In 2014, HII acquired UniversalPegasus International and Stoller Newport News Nuclear to expand in the nuclear energy and oil & gas markets. Those acquisitions were the result of the company's strategy to use its engineering and energy related expertise to expand its position in the energy marketplace. Even if currently the oil & gas industry is in crisis and companies cannot afford to lose money on engineering, project, or construction management services, these acquisitions can create a great opportunity of growth to a company that is facing limited growth potential. Since 2011, the service revenue grew each year, which is not the case for the product revenue. Service revenue went up by 22% the year of the acquisitions and grew by 9% between 2014 and 2015, representing more and more weight of the total revenue. With an oil & gas industry that is globally expanding, especially with new technologies and new fracking methods, and with current extremely low prices, the future can only be brighter.
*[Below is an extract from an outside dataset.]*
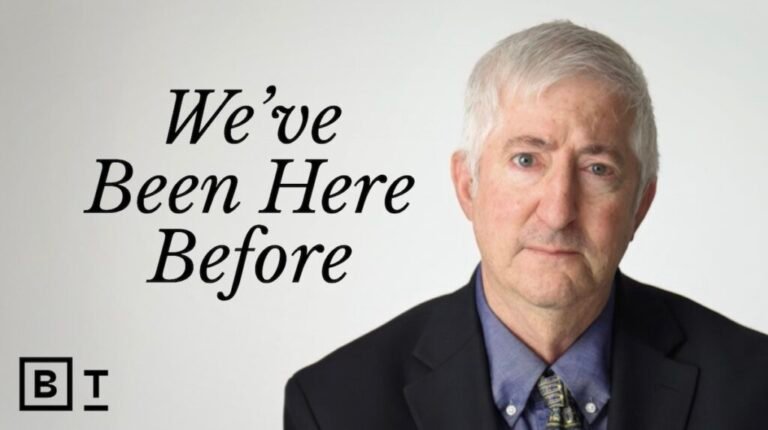 What Happens When a Globalized World Collapses: Archaeologist Eric Cline Explains How Bronze Age Civilizations Adapted, Survived or Vanished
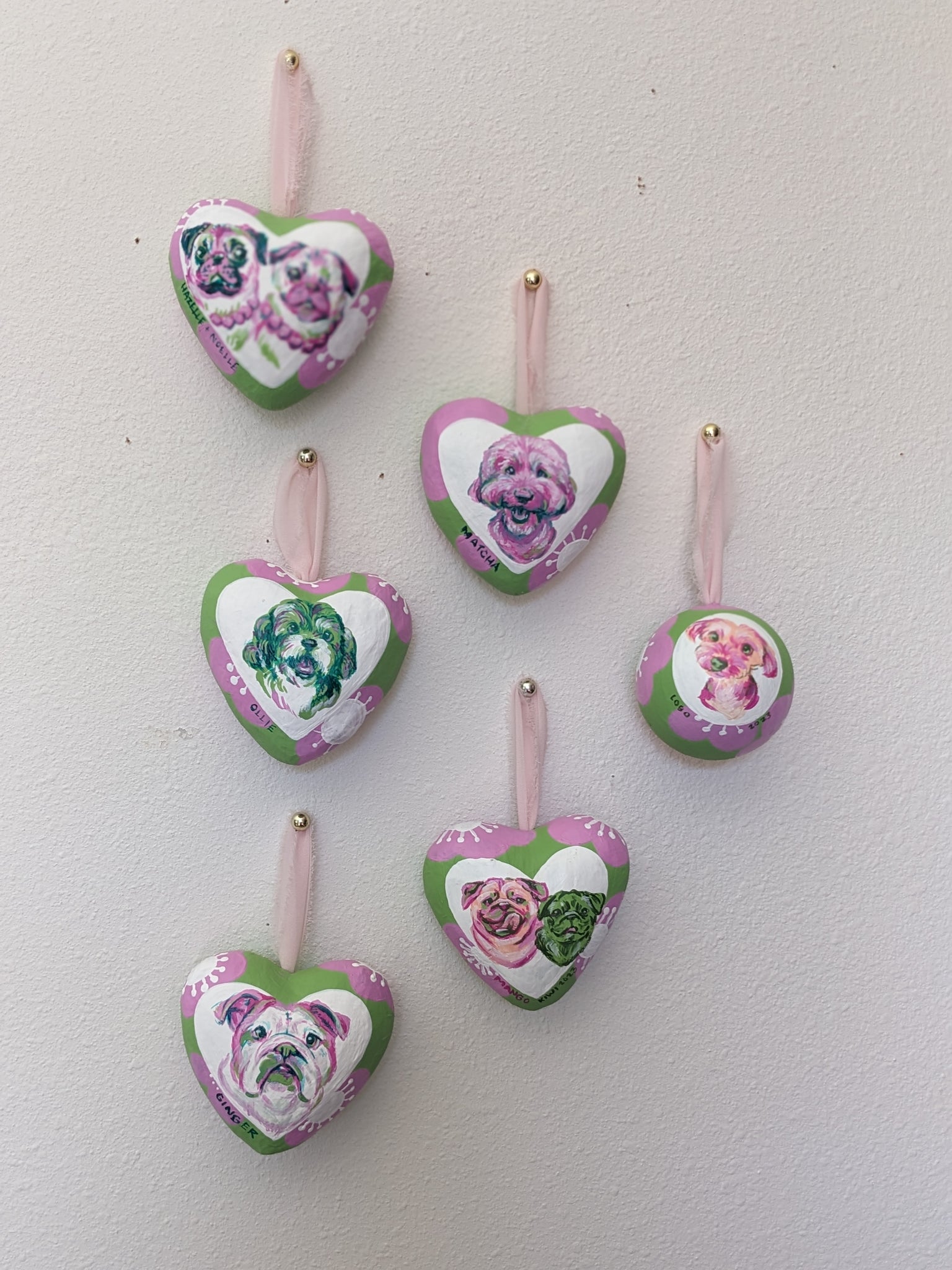 Baubles from the Vault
Given its exceptional market position, HII will have large and guaranteed revenues for several tens of years by the world's safest and largest customer. The company already achieved considerable improvement in profitability and leverage, which made its margins in line with the industry even if its activity is supposed to be less profitable than the other Aerospace & Defense activities. The company will continue its strategy of performance improvement, cost reduction, consolidation of operations and disposal of overcapacity. The strong and sustainable cash generation incited the company to continue its constant dividend increase. Since 2012, the company is constantly increasing its stock repurchase program, giving investors strong confidence in the future of the company. In order to address the slow revenue growth, the company is using its expertise in the energy sector to expand into the nuclear energy and oil & gas markets. Such acquisitions and expansion can bring more growth to the company in the long run and can also increase its profitability. The stock is one of the least risky currently available on the market, but is still able to bring capital gain in line or superior to the market and the industry. That is making the stock a perfect fit to any portfolio looking for stocks that are able to decrease risks. Indeed, even if HII's stock may not be able to bring huge returns, it will bring a relatively good amount of safe returns. Given its activity, the company will not be impacted by economic downturn or even recession. Of course, it will still be impacted by change in fiscal and monetary policies, as well as the stock market. The only firm-specific event able to turn the price down (most contracts are granted to HII by default) are bad earnings, which will only have a temporary effect and may create buying opportunities.
Given all of these reasons, I reckon HII is the perfect addition to very efficient Aerospace & Defense stocks with huge potential like Lockheed Martin (NYSE:LMT), Boeing (NYSE:BA), Honeywell (NYSE:HON), General Dynamics, Raytheon, (NYSE:RTN), Northrop Grumman, and Orbital ATK (NYSE:OA).
Disclosure: I/we have no positions in any stocks mentioned, and no plans to initiate any positions within the next 72 hours.
I wrote this article myself, and it expresses my own opinions. I am not receiving compensation for it. I have no business relationship with any company whose stock is mentioned in this article.